Strasburgo condanna l’Italia per l’Ilva: non ha protetto i cittadini

Strasburgo condanna l'Italia per l'Ilva: non ha protetto i cittadini

Articolo aggiornato e corretto alle ore 15,20.

La Corte europea dei diritti dell’uomo ha condannato l’Italia per non aver protetto i cittadini di Taranto che vivono nelle aree colpite dalle emissioni tossiche dell’impianto dell’ex Ilva. Secondo i giudici di Strasburgo, c’è stata una violazione del diritto al rispetto della vita privata e alla vita familiare (l’articolo 8 della Convenzione europea sui diritti umani) e del diritto a un rimedio efficace (l’articolo 13 della stessa Convenzione).

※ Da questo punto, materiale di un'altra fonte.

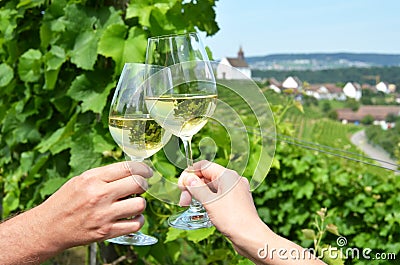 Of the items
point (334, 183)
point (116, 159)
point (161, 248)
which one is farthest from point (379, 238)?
point (116, 159)

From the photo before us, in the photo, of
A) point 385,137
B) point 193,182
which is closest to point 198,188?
point 193,182

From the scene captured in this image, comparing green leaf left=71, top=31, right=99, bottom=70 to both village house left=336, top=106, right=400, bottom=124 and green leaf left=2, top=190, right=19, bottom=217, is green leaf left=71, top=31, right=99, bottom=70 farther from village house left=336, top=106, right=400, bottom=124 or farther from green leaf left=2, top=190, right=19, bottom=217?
village house left=336, top=106, right=400, bottom=124

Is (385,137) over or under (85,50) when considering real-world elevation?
under

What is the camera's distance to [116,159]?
2.27 meters

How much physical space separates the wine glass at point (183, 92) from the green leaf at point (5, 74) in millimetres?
2112

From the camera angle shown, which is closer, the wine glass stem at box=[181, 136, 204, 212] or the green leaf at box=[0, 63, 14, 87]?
the wine glass stem at box=[181, 136, 204, 212]

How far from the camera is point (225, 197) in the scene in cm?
92

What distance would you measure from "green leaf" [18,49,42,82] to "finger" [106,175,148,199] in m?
1.94

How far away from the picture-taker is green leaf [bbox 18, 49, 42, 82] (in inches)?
109

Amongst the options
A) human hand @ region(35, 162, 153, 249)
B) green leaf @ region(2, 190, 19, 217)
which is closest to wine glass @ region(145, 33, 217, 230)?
human hand @ region(35, 162, 153, 249)

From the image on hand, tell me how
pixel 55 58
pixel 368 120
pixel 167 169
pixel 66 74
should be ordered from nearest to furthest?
pixel 167 169, pixel 55 58, pixel 66 74, pixel 368 120

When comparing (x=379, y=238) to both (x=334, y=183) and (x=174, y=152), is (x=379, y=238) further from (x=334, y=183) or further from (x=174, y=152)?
(x=174, y=152)

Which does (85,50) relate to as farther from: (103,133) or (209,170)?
(209,170)

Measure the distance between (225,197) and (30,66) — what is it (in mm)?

La Corte europea dei diritti dell’uomo, che è legata al Consiglio d’Europa di Strasburgo, ha rivelato che la persistenza di una situazione di inquinamento ambientale a Taranto ha messo in pericolo la vita dei ricorrenti e, più in generale, dell’intera popolazione che vive nelle aree a rischio. Secondo i giudici, le autorità italiane non hanno preso tutte le misure necessarie a proteggere il diritto dei ricorrenti al rispetto delle vita privata.

La Corte ha inoltre considerato che ai ricorrenti non è stato garantito un rimedio efficace per sollevare davanti alle autorità italiane il fatto che non fosse possibile ottenere misure per assicurare la decontaminazione delle aree dell’Iva di Taranto.

I ricorsi alla Corte Europea dei Diritti dell’Uomo erano stati presentati nel 2013 e nel 2015 da 180 persone che vivono o sono vissute a Taranto o nelle zone vicine. La Corte ha ritenuto che la condanna dell’Italia costituisca in sè una soddisfazione sufficiente per i danni morali, mentre ha ordinato il versamento di 5 mila euro ai ricorrenti per i costi e le spese legali. 

Spiega il sindaco di Taranto, Rinaldo Melucci: “Per le implicazioni delle decisioni assunte a Strasburgo in relazione ai fatti passati, ora non possiamo che affidarci alla magistratura e valutare nel dettaglio le carte”. Ancora: “Da sindaco eletto nel giugno del 2017 ho chiesto prima al ministro Calenda, ormai a fine mandato, poi al vice premier e ministro Di Maio, di lanciare finalmente un pacchetto di norme o un decreto salva Taranto, dopo i numerosi volti principalmente a preservare l’attività produttiva dello stabilimento siderurgico”.

“Di Maio appena insediato, e con in mano la decisione finale sulla definizione della trattativa, ha risposto, purtroppo, con un mortificante silenzio”, sottolinea il sindaco di Taranto. “Ciò detto, ora c’è un interlocutore”, afferma ancora il sindaco Melucci riferendosi all’avvenuto subentro di Arcelor Mittal Italia “con il quale costruire un percorso virtuoso e il Comune di Taranto, con l’aiuto della Regione Puglia e del Governo nazionale, non mancherà di vigilare sulle questioni determinanti per la tutela della salute e dell’ambiente”.